Пустые элементы (теги) в файл не включаются.
Значения полей
2.1. В столбце «Обяз.» указана обязательность содержимого элемента (реквизита), один из символов - О, У, а также М. Символы имеют следующий смысл:
О – обязательный реквизит, который должен обязательно присутствовать в элементе;
У – необязательный реквизит, который может, как присутствовать, так и отсутствовать в элементе. При отсутствии, не передается.
М – реквизит, определяющий множественность данных, может добавляться к указанным выше символам.
2.2. В столбце «Формат» для каждого элемента указывается – символ формата. Символы формата соответствуют вышеописанным обозначениям:
Char – <текст>;
Num – <число>;
Date – <дата> в формате ГГГГ-ММ-ДД;
Guid – <идентификатор>;
DateTime – <дата> в формате ГГГГ-ММ-ДД ЧЧ:ММ:CC;
S – <элемент>; составной элемент, описывается отдельно;
2.3. В столбце «Размер» – максимальная длина элемента. Разделитель целой и дробной части для чисел - точка.

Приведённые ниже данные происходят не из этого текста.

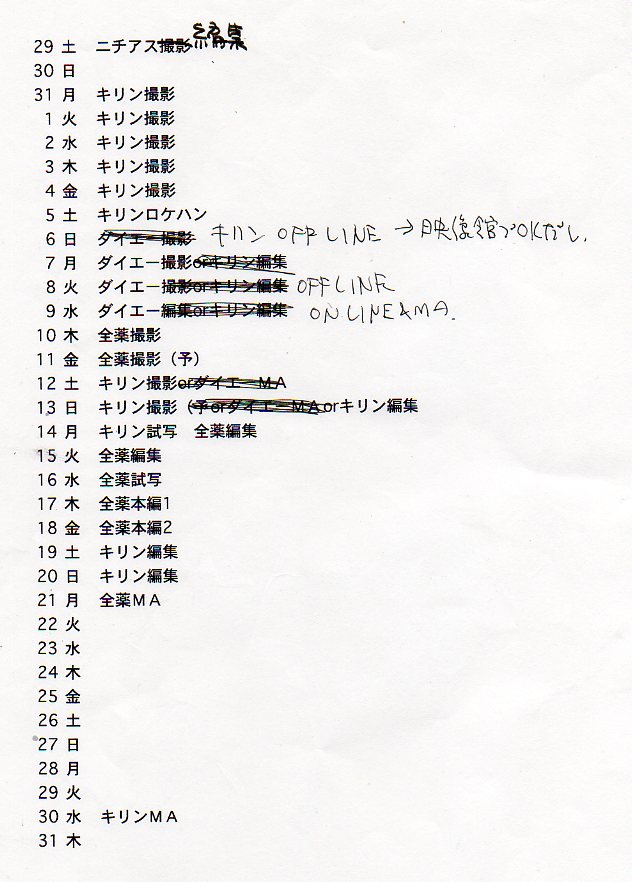 c0018492_162528.jpg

2.4. В столбце «Наименование» указывается наименование элемента.
3. Особенности кодирования некоторых символов в файлах формата XML:
Символ | Способ кодирования |
двойная кавычка (") | " |
одинарная кавычка (') | ' |
левая угловая скобка (<) | < |
правая угловая скобка (>) | > |
амперсант (&) | & |
Для обмена информацией используется кодировка utf-8.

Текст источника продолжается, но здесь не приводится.